Sul sito dell’associazione è stata pubblicata oggi un’inchiesta che, tra le altre cose, espone i dati relativi alle persecuzioni religiose. È una mappa a classificare i 50 Paesi dove le comunità cristiane affrontano le peggiori persecuzioni. In cima alla lista si conferma, per il quattordicesimo anno consecutivo, la Corea del Nord dove predomina l’ateismo di Stato.
Il leader Kim Jong-Un si oppone in modo violento a qualsiasi ideologia o fede che sia differente dal pensiero del regime comunista. I cristiani, in Corea del Nord, cercano di nascondere la propria fede il più possibile per evitare l’arresto e la deportazione nei campi di lavoro.
La maggioranza dei Paesi presenti in classifica sono a maggioranza musulmana, ma quasi tutti si distinguono per una situazione politica instabile. Stati come l’Eritrea (terzo posto) sono casi particolari in quanto, nonostante sia caratterizzato da una significativa presenza cristiana, registra un elevato tasso di persecuzione.
Open Doors posiziona il Kenya al sedicesimo posto: questa situazione è dovuta alla composizione etnica molto complessa del Paese africano, che influisce fortemente sulla politica. L’82% della popolazione kenyota è cristiana, ma la minoranza musulmana (10-15%) è diventata sempre più influente nelle istituzioni.

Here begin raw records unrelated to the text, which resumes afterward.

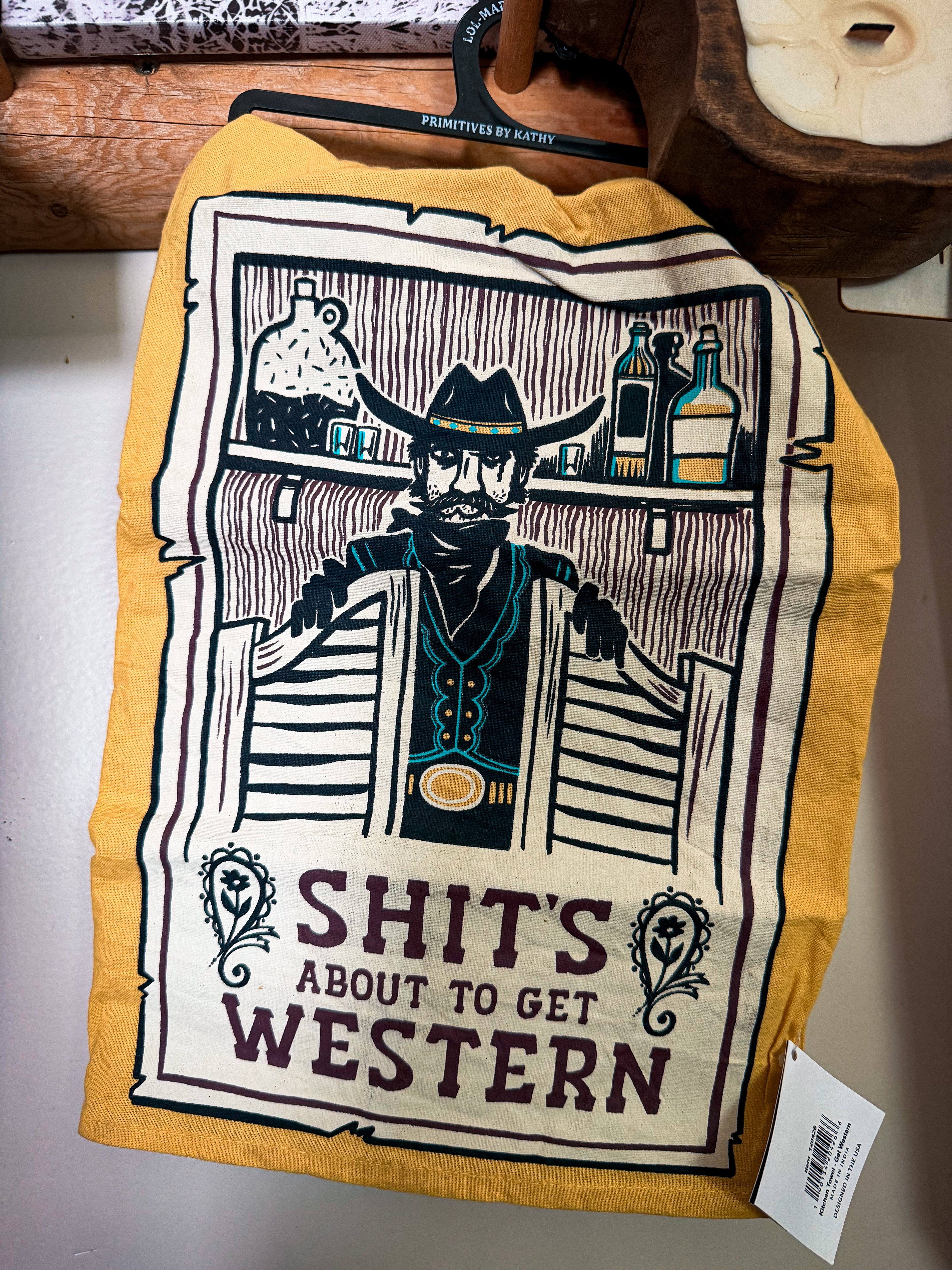 Shit’s About to Get Western Kitchen Towel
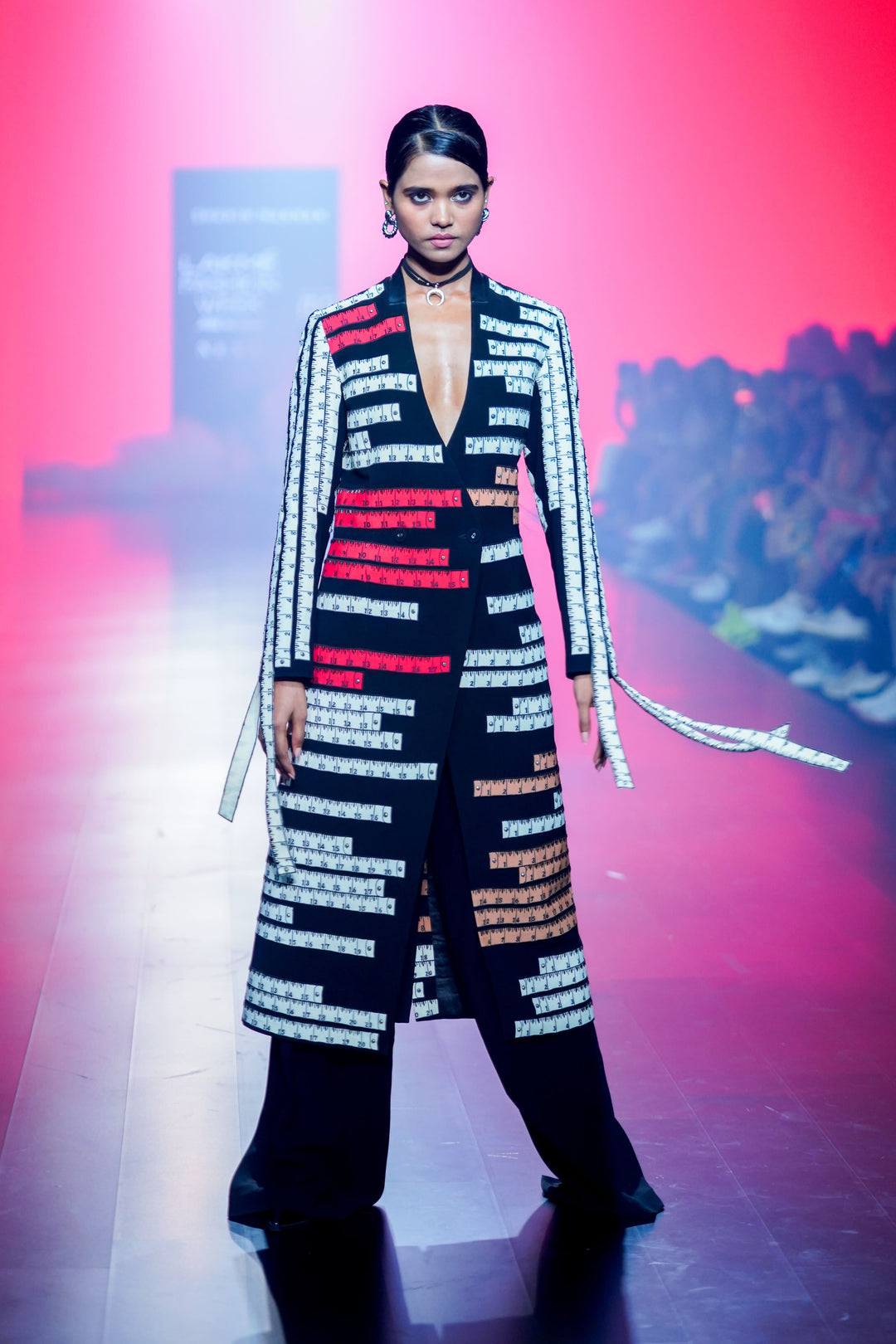 Measuring Tape Long Dress
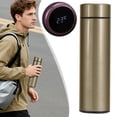 thumbnail image 2 of 480ML Smart Water Bottle Stainless Steel Vacuum Mug,Travel Mug with LED Temperature Display Screen,Keep Hot Or Cold,Portable Travel Tea Coffee Vacuum Thermo Cup,Insulated Water Bottle(Gold), 2 of 9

Due Stati outsider spiccano nella classifica: la Colombia (46° posto) e il Messico (40° posto). Il primo è formalmente un Paese democratico, dove la libertà religiosa è garantita, ma ci sono grandi aree sotto il controllo della criminalità organizzata, dei cartelli della droga e di gruppi rivoluzionari paramilitari: un contesto dove l’impunità è la norma e tutti gli abitanti soffrono di questo conflitto, dunque anche la componente cristiana. Nel caso messicano, le persecuzioni riguardano i cristiani che tentano di migliorare una realtà sociale corrotta e manipolata.